# Driving Toronto to Orlando March 9-16, 2013



## alfasat (Jan 10, 2013)

Looking for the best driving route Toronto to Orlando for the three of us (two adults and 16 yr old son)?  I've done I75 a couple of times in past, but last time was about 5 yrs ago.  I've read in posts here and elsewhere that crossing at Buffalo then down I79 through Pittsburgh and so on eventually hooking into I95 (as per google maps).  I know its shorter, but I think the weather can be a factor going south of Pittsburgh.  I'm planning on doing it over two days.  Looking for a good place to stay over mid point there and back.  Also, I will be monitoring last minute flights from Toronto, Buffalo and Detroit.  Any suggestions?
CZ.


----------



## simpsontruckdriver (Jan 10, 2013)

I agree, going straight south through the Buffalo port is best. Don't worry about weather, it will probably be cold but not snowed in. Not sure about halfway points, but there are plenty of hotels along the route. Just don't go to a non-franchise hotel.

TS


----------



## wptamo (Jan 11, 2013)

Hiya,

I've driven down in the summer the past 3 years, to SW Fla... I usually take "I77" as it's a tad shorter, but seem to lose time along hwy 19 to Beckly... this past Summer we took I75 and it was an easier drive, less ups and downs and turns thru the mountains. If I were going in March I'd be concerned about driving thru the mountains of I77. We have done it (in March), but check the weather first and be flexible with what route you take... South of lake Eire from Buff to Pitts can get lake effect snow too...
I75 is easier on the car too with less mountains...

just my opinion....


Paul


----------



## moonstone (Jan 11, 2013)

We have been driving to various parts of Florida from North of Toronto for nearly 40 years (many times more than once a year) and have been taking the I-79/77 route since the last leg was finished about 35 years ago. We cross at Fort Erie and take I-90 to Erie PA (been caught in a bad lake effect snowstorm 2x over the years along there). At Erie we take I-79 south to just south of Weston, West VA where we take US 19 south to Beckley. (Note US 19 is a famous speed trap -follow the posted speed limit EXACTLY!). South of Beckley you'll join up with I-77 and follow it to Columbia, SC where you take I-26 east to I-95. We usually make it to this point (St.George, SC) about 10pm where we stop for the night if we leave home at 6am. 
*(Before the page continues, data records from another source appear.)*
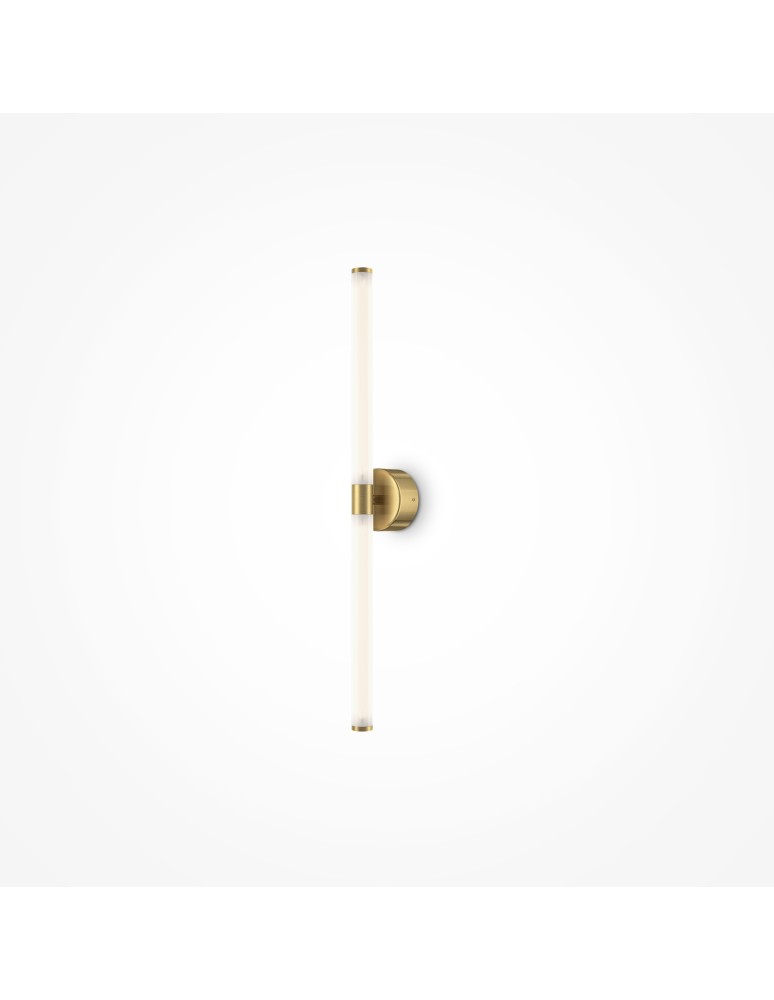 Kinkiety nowoczesne - Maytoni Axis Kinkiet/Ścienna LED 16W 1400lm 3000K Złoty MOD106WL-L16G3K - product kolory-swiatla.pl 3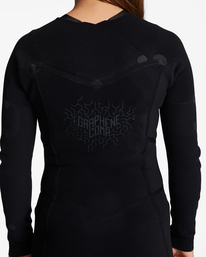 7 4/3 Salty Dayz Chest Zip Full Wetsuit Black ABJW100122 Billabong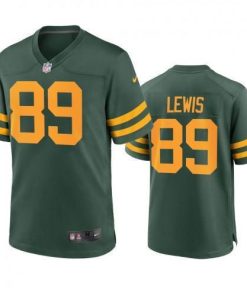 Green Bay Packers #89 Marcedes Lewis Nike Alternate Game Player Jersey - Green
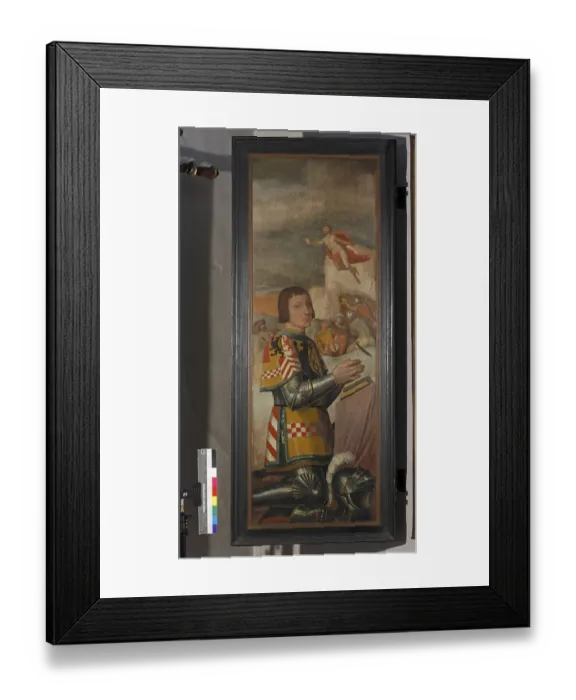 Framed Print : Prince's tomb, panel from the tomb of Duke Johann III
There are lots of motels, restaurants, fast food establishments and gas stations all along this route now and more pop up every year.

Have a great trip, we have to wait until the end of March for ours!

~Diane


----------



## BM243923 (Jan 11, 2013)

We drive my Newmarket which is 1/2 hour north of Toronto.  We cross at Buffalo and end up at Lorton Virgina where we board the Amtrak Auto train which takes us to Sandford Florida which is outside of Orlando.  Then we continue on by auto to Fort Lauderdale.

We leave our house around 10:30am on Wednesday and drive until we get to  Beford PA where we spend the night.  This leaves us less than 3 hours to drive the next day and end of in Lorton around 12:30pm and check in at the Auto Train which usually boards by 2:30pm and leaves Lorton just before 4:00pm.  You get dinner on the train which is included in the fare, you sleep on the train and next morning by 9:30am you are in Sandford.  You get breakfast before the train arrives in Sandford.  Coming home we do the opposite and the train leaves 4:00pm from Sandford and arrives the next morning by 9:30am.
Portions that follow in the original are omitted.